- Avar raids on Georgia (1785): Part of Lekianoba
| Date | September – November 1785 |
| Location | Kartli, Kakheti, Imereti, and Lori Modern day Georgia and Armenia |
| Result | Avar victory Devastation of Eastern Georgia and Lori region; Heraclius II of Georgia paid tribute to the Avar Khan; |

Belligerents
- Kingdom of Kartli-Kakheti; Ossetian societies; Ingush societies; Supported by:; Russian Empire;: Avar Khanate

Commanders and leaders
- Heraclius II S. D. Burshanev: Umma Khan V

Strength
- Unknown: 11,000

Casualties and losses
- At least 1,500 640 killed and 860 captured in Aghjakala;: Unknown

= Avar raids on Georgia (1785) =

The Avar raids on Georgia (1785) was a military campaign launched by the Avar Khanate under the leadership of Umma Khan V against the Kingdom of Kartli-Kakheti during the late 18th century. The invasions were one of the most devastating series of conflicts in the raids of Dagestanis to Georgia, also known as Lekianoba. It ended with King Heraclius II accepting a peace agreement under which he agreed to pay annual tribute to Umma Khan.

== History ==

=== Prelude ===

Beginning in the 16th century, highlanders from Dagestan carried out numerous raiding expeditions into Georgia. The raids became especially frequent after the rise to power of Umma Khan, who, in addition to the Georgians, compelled the khans of Derbent, Quba, Baku, Shirvan, and Shaki, as well as the pasha of Akhaltsikhe, to pay him tribute in exchange for sparing their territories from further attacks. The Jaro-Belokani jamaats also acknowledged his authority.

=== The raids ===

In the autumn of 1785, Umma Khan again invaded the Georgian plain with his Avar forces. According to Russian sources, he reached the Alazani River on 16 September. King Heraclius II assembled his own army and called upon Ossetian and Ingush auxiliaries. A Russian detachment under Stepan Burnashev also joined the Georgian forces.

Umma Khan rapidly crossed the Karayaz Steppe and captured the fortress of Aghjakala in Borchaly. Georgian losses reportedly amounted to 640 killed and 860 captured. The Avar army subsequently devastated the Akhtala mines and copper smelting works before advancing into Lori, where the region was plundered. In late October or early November, Umma Khan raided Upper Imereti, capturing and destroying the fortress of Vakhan. Contemporary accounts state that approximately 700 inhabitants were inside the fortress. All adult males were reportedly executed except the noble princes. (Note: These were members of the Imeretian princely house of Abashidze. All were taken prisoner, including two daughters of Prince Evgen Abashidze. According to later accounts, one was presented by Umma Khan to Ibrahim Khalil Khan of Karabakh, whom she subsequently married, while the other became Umma Khan's own wife.) The fortress was burned, after which Umma Khan marched to Akhaltsikhe, where his army spent the winter.

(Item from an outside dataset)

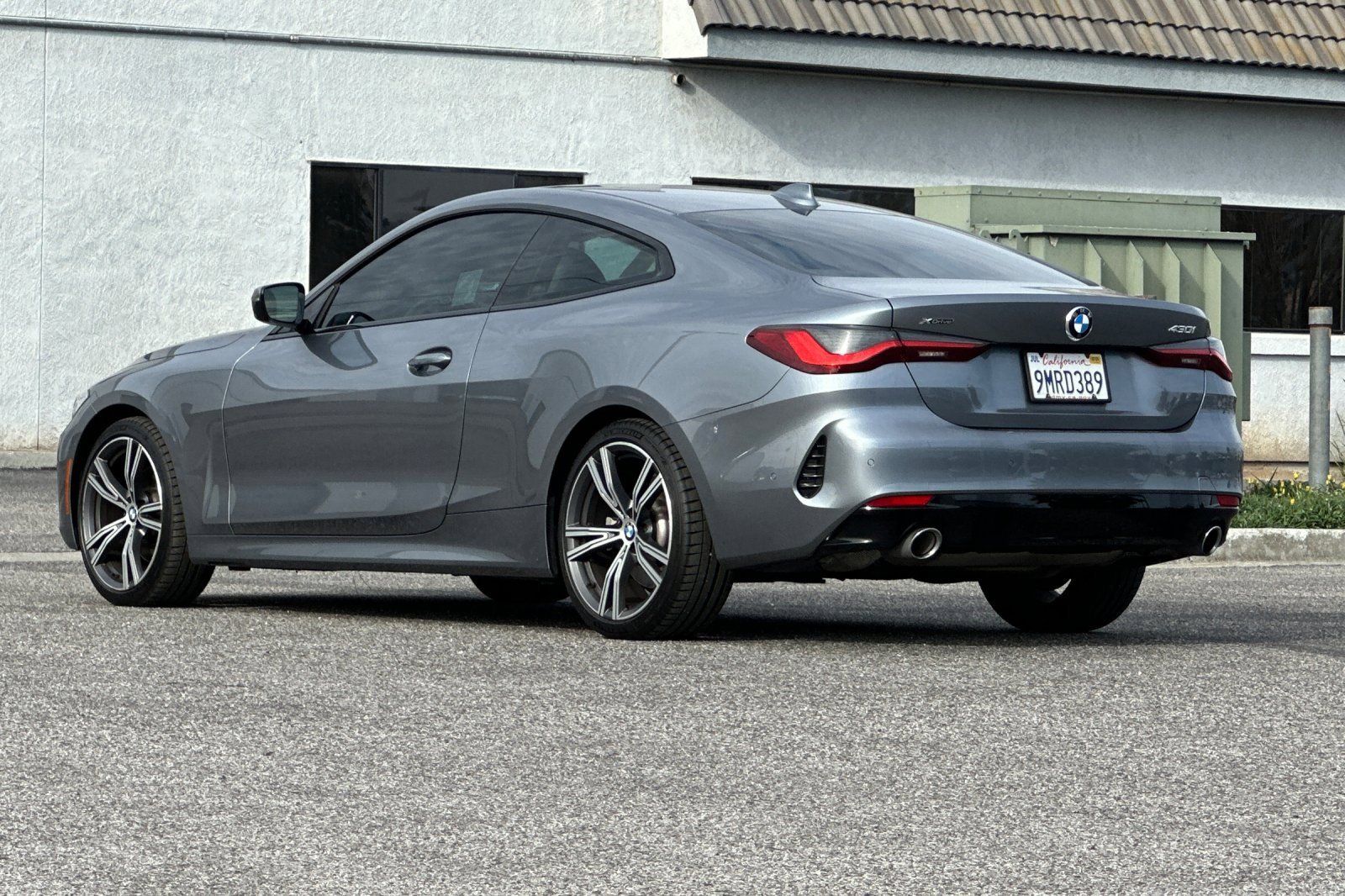 Used 2021 BMW 430i xDrive Coupe w/ Premium Package image 6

The presence of the Avar army at Akhaltsikhe alarmed Heraclius II, who no longer considered his kingdom secure. Umma Khan began preparing another campaign from Akhalkalaki toward the Tskhinvali Gorge. After learning of these preparations, Heraclius II sought peace. According to historian D. L. Vateishvili, the Georgian king, lacking sufficient military strength, was compelled to accept humiliating peace terms, agreeing to become Umma Khan's tributary. Under the agreement, Heraclius was required to pay an annual tribute of 10,000 silver rubles and ransom prisoners at the rate of 50 rubles per captive.

=== Aftermath ===

In April 1786, Umma Khan departed through the Erivan Khanate to Karabakh, where he joined his ally Ibrahim Khalil Khan. From there he returned to Avaria via Georgia, plundering the Ganja Khanate en route and exacting an indemnity of 5,000 rubles.

In 1788, Umma Khan assembled an army of approximately 20,000 men and once again launched a campaign against Fatali Khan of the Quba Khanate, laying siege to the town of Aghsu. During the campaign, however, the Avar forces advanced too close to the domains of Bammat, the Shamkhal of Tarki, who dispatched an army under the command of his son. The Avar army was decisively defeated by the Shamkhal's forces, forcing Umma Khan to retreat to Karabakh and seek peace with Fatali Khan.